[Caption-style text data]
+ + + + + + +
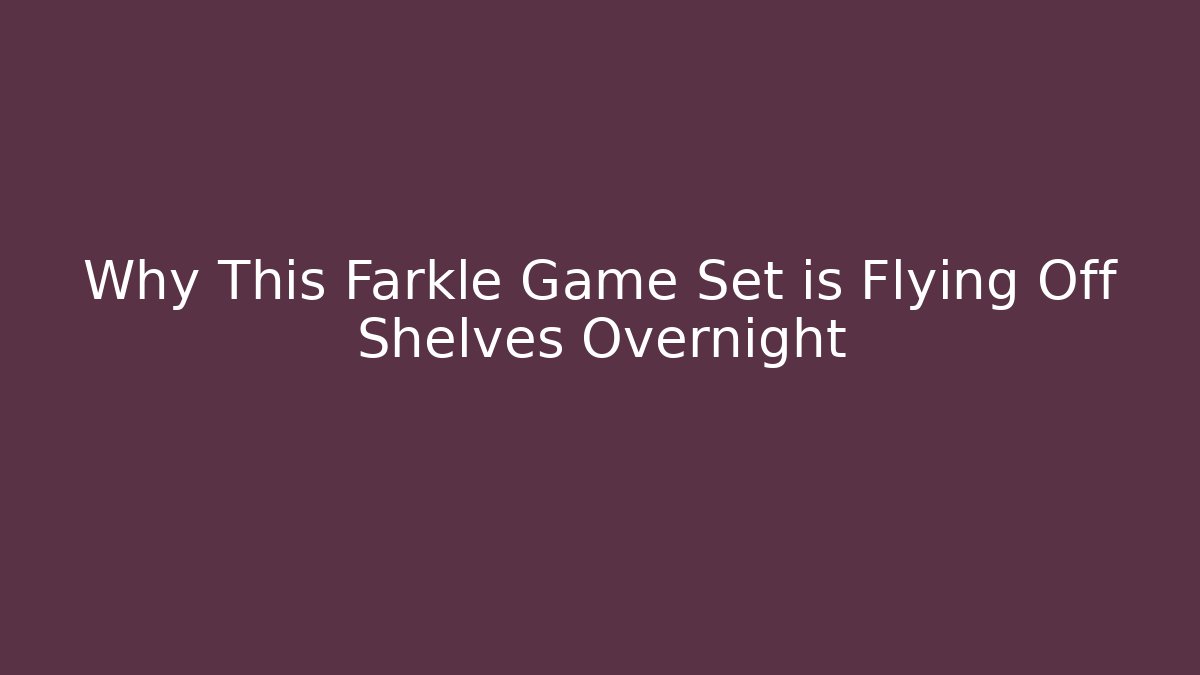 Why This Farkle Game Set is Flying Off Shelves Overnight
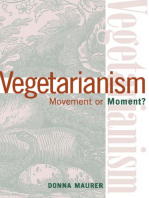 Vegetarianism: Movement Or Moment: Promoting A Lifestyle For Cult Change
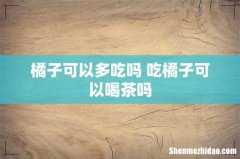 橘子可以多吃吗 吃橘子可以喝茶吗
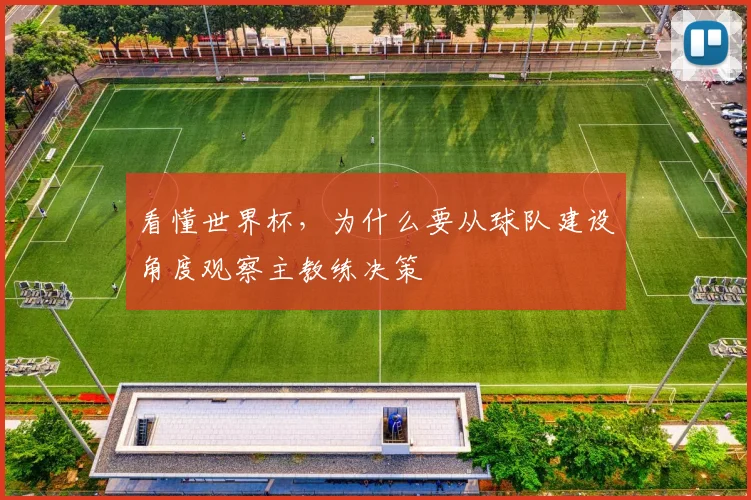 看懂世界杯,为什么要从球队建设角度观察主教练决策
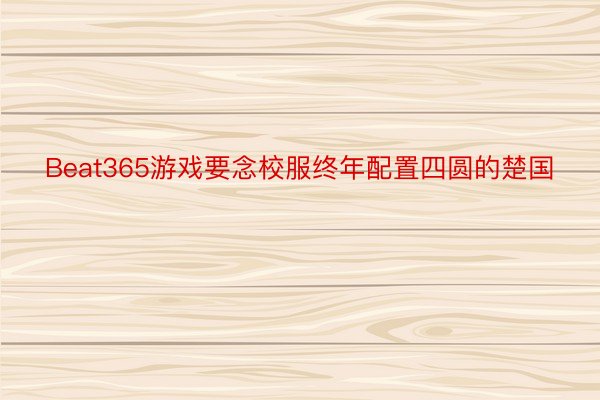 Beat365游戏要念校服终年配置四圆的楚国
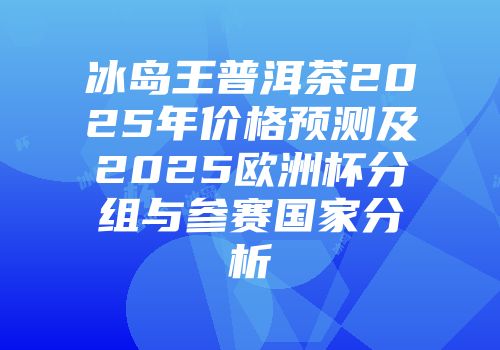 冰岛王普洱茶2025年价格预测及2025欧洲杯分组与参赛国家分析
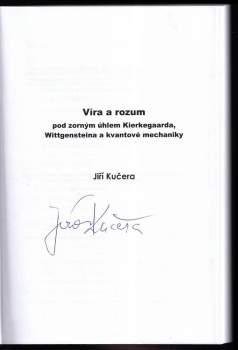 Jiří Kučera: Víra a rozum pod zorným úhlem Kierkegaarda, Wittgensteina a kvantové mechaniky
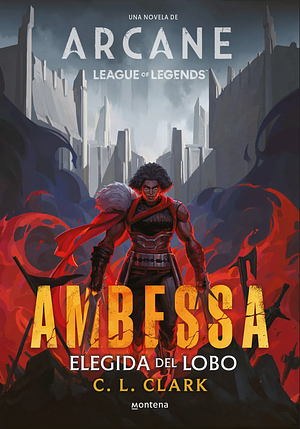 Ambessa. Elegida del lobo by C.L. Clark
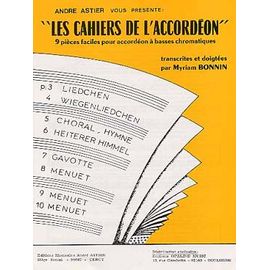 Myriam Bonnin : Les Cahiers De L'accordéon Vol 1 - Editions Musicales André Astier
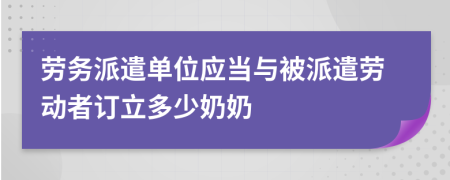 勞務(wù)派遣單位應(yīng)當(dāng)與被派遣勞動者訂立多少奶奶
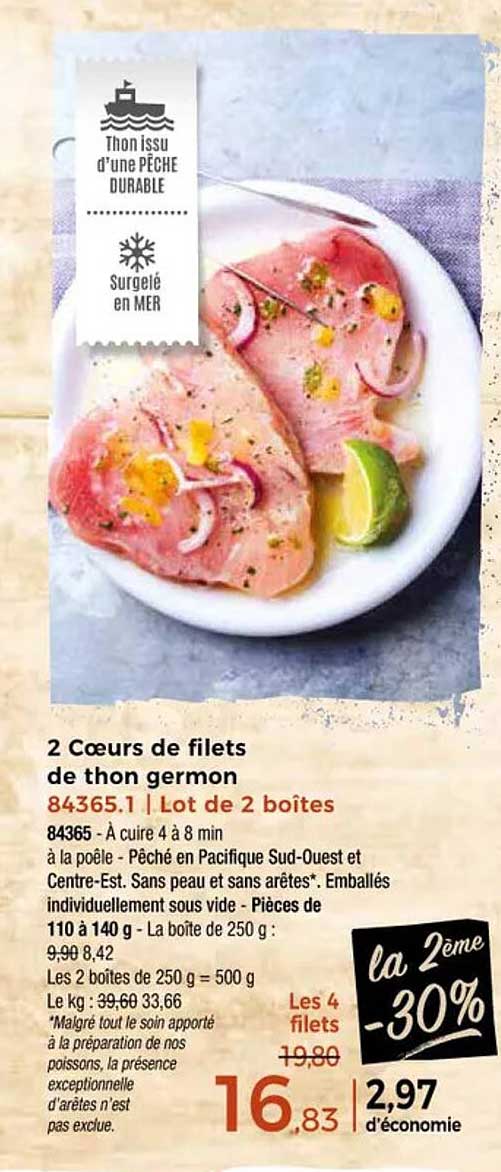 2 Coeurs de filets de thon germon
+ + + + + + +
▶ _Assignment_: Restate word for word the lines from the one holding "看懂世界杯,为什么要从球队建设角度观察主教练决策" down through the last line of the records above, and do not include the pictures.

▶ _Expected answer_:
 看懂世界杯,为什么要从球队建设角度观察主教练决策
 Beat365游戏要念校服终年配置四圆的楚国
 冰岛王普洱茶2025年价格预测及2025欧洲杯分组与参赛国家分析
 Jiří Kučera: Víra a rozum pod zorným úhlem Kierkegaarda, Wittgensteina a kvantové mechaniky
 Ambessa. Elegida del lobo by C.L. Clark
 Myriam Bonnin : Les Cahiers De L'accordéon Vol 1 - Editions Musicales André Astier
 勞務(wù)派遣單位應(yīng)當(dāng)與被派遣勞動者訂立多少奶奶
 2 Coeurs de filets de thon germon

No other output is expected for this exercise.